Anyway, I don’t want to leave it right here. I want to cover one more thing. That is test first development and it does fit together with test driven development quite a bit. Instead of leaving you hanging about my thoughts on test driven development, I’m going to point you to a lot of the thoughts that I captured in an article I called Is TDD Dead? And of course, I didn’t come up with that name, there was a talk in 2014, a series of talks that was kind of started off by a Rails conference talk by David Heinemeier Hansson talking about TDD being dead or long live testing. And then he wrote a bunch of blog posts about it and then there were these conversations between him and Martin Fowler and Kent Beck to talk about it. I’ll write up about what my opinions are and how this all went and links to all these talks. But I want to pull a couple of bits out of it.

My opinions: I love test driven development, but my version of test driven development is probably quite different than yours. Ever since I’ve read about test first programming and TDD in the early days of extreme programming, I grabbed onto it like a shipwreck survivor holding onto a flotation device. When taken as just a darn good idea TDD is super, when taken as the only true professional way to do things, it’s just as annoying as waterfall. I think TDD is most useful when used at a system level. The system is where the users interact with the software, so that’s where the most of your tests should be and the tests are most important. Focus on what customers need your new functionality to do and whether or not your functionality is fulfilling that. The first test should be is your feature actually satisfying those needs as a system functional system tests from the user perspective, isn’t that what’s most important? I want my code to be Agile, to be adaptable, to be able to refactor it whenever I want to. It’s the user system tests that I really don’t want to break. A redesign of part of my system may break many unit tests, but it better not break any functional system tests. So isn’t system level the the level that you should place the most effort in your testing? I think so.

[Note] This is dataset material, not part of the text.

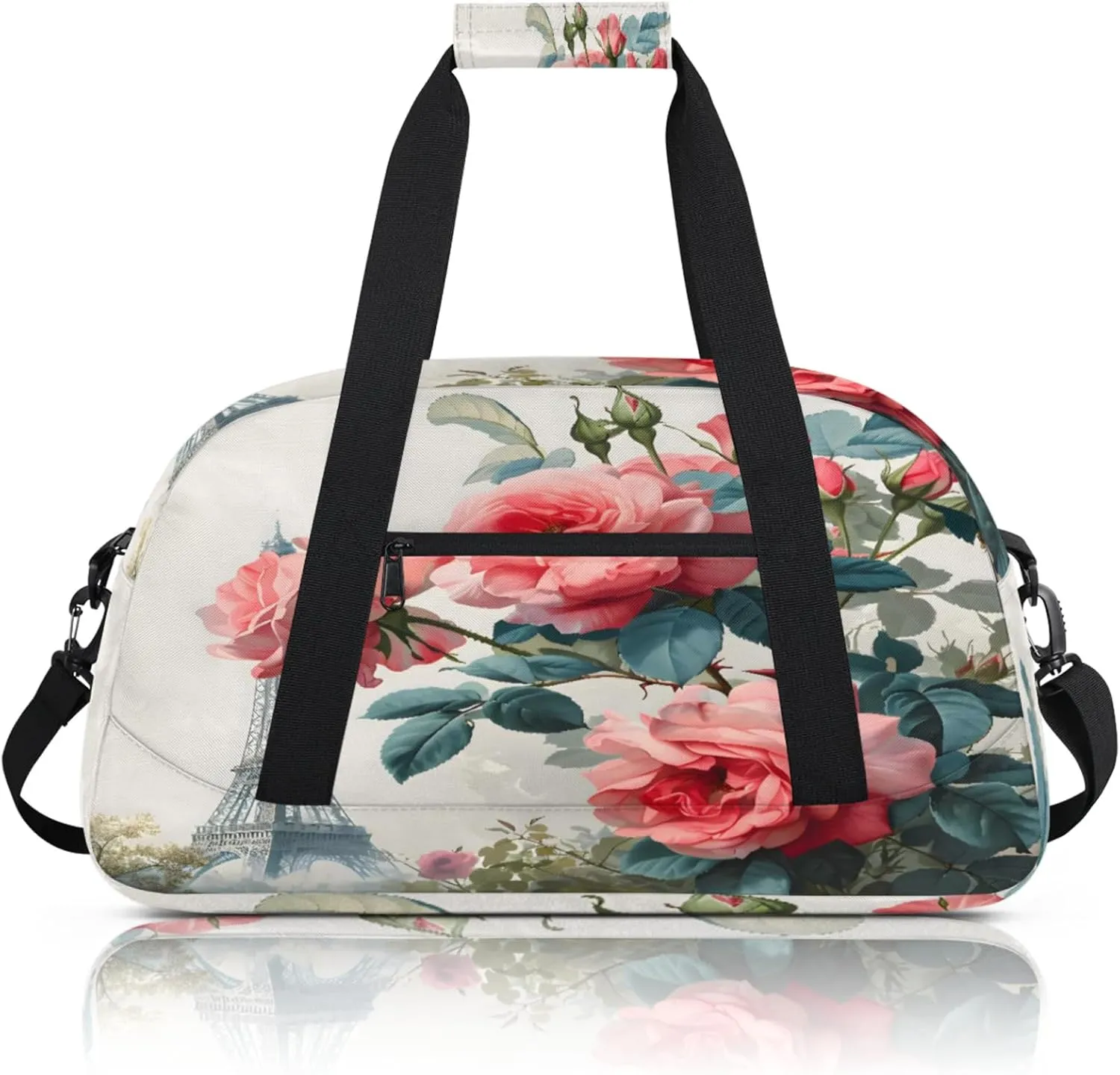 Paris Eiffel Tower Rose Flowers Small Gym Bag 18 inch Carry On Duffel Bag for Weekender Travel Sports Workout Yoga Gymnastics Dance Ballet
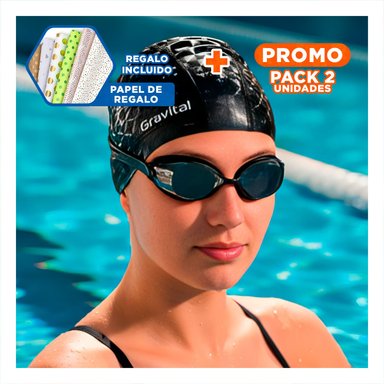 PACK2 TOCA DE NATACION NEGRO DE TELA PARA ENTRENAMIENTO Y ACTIVIDAD Y+PAPEL REGALO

So most of my contradictions between me and the rest of the world is where the tests should go, should they be at the unit level or the system level. And I think most of them should be as high in the system as possible. But both functional system tests and unit tests are important. I think functional is a little bit more important, because that’s what the customer cares about and it helps me refactor more, but unit tests are great too, especially the tricky parts of your system. I heard recently a great rule of thumb— if you feel like some class or method needs an explanation with a block comment, this bit of code needs a unit test or maybe just needs refactored or a better name, but anyway. Also unit tests the parts that are likely to fail, the parts you don’t understand a lot, the parts that keep you keep getting questions about. And then bigger parts, subsystems, sub libraries, different steps in a stage development, test those individually. These are all great things to do and I’m not telling you to not do them. I am going to leave it at that for now, because I think this has gotten a little bit long winded and preachy.

Thank you so much for your support in 2017 and I look forward to talking with you about this and a lot of other great topics in 2018.